Motivation. During the work on CaM project, we were required to filter out repositories with samples. No readily available technique or tool existed that could perform that function, so we conducted research on this very subject.

The repository structured as follows:

  • sr-data, module that consists of a set of tasks that filters collected metadata about GitHub repositories.
  • sr-train, module for training ML models.
  • sr-detector, trained and reusable model for SR detection.
  • sr-paper, LaTeX source for a paper on SR detection.

Experiment's steps

Metadata collection

We collect two-fold metadata for each GitHub repository: numerical, and textual. For numerical we collect:

  • releases, the number of releases.
  • pulls, the number of pull requests.
  • issues, the total number of issues (opened + closed).
  • branches, the number of branches.
  • actions, the number of GitHub Actions workflow files. For textual: README.md file.

To run this:

just collect

You should expect to have sr-data/experiment/repos.csv with collected repositories and their metadata.

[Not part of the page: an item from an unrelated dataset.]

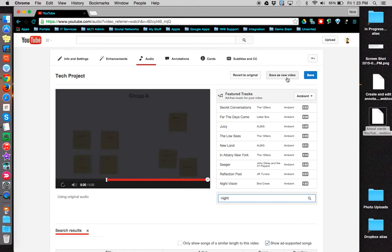Always remember that when you're done making audio changes to click the save button. This concludes this tutorial.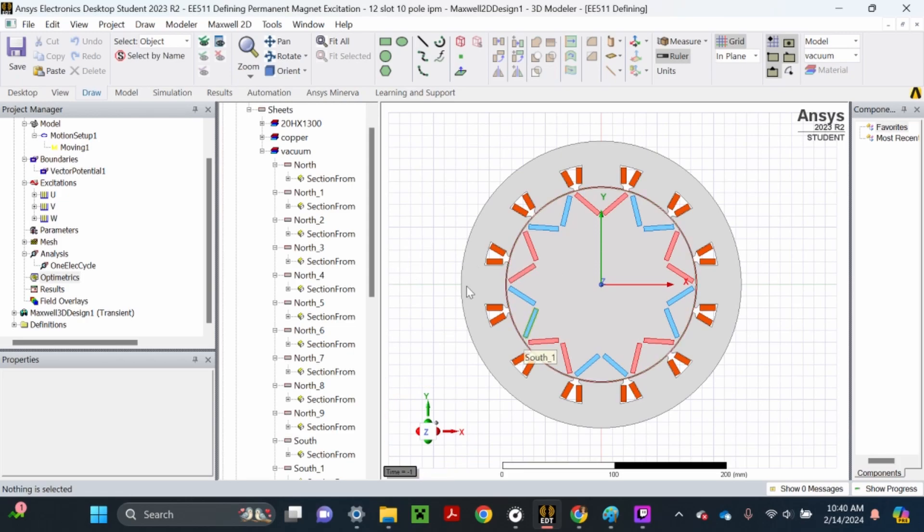Hi, everybody. Today's video is going to be explaining how you define magnet excitations and how you define a parametric in ANSYS.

To capture smaller amount of repositories you can run this:

just test-collect

You should expect to have sr-data/tmp/test-repos.csv, with the same structure as repos.csv, but smaller.

Filter

We filter collected repositories. We remove repositories with empty README file. Then, we convert README file to plain text and check in which languages file is written. We remove repositories with README file that is not fully written in English.

To run this:

just filter repos.csv

You should expect to have sr-data/experiment/after-filter.csv.

Extract headings

From each README file we extract it's all headings (text after #). We remove English stop words from each heading. Then, we apply lemmatization for each word, filter words with ^[a-zA-Z]+$ regex, and calculate up to 5 most common words across README headings.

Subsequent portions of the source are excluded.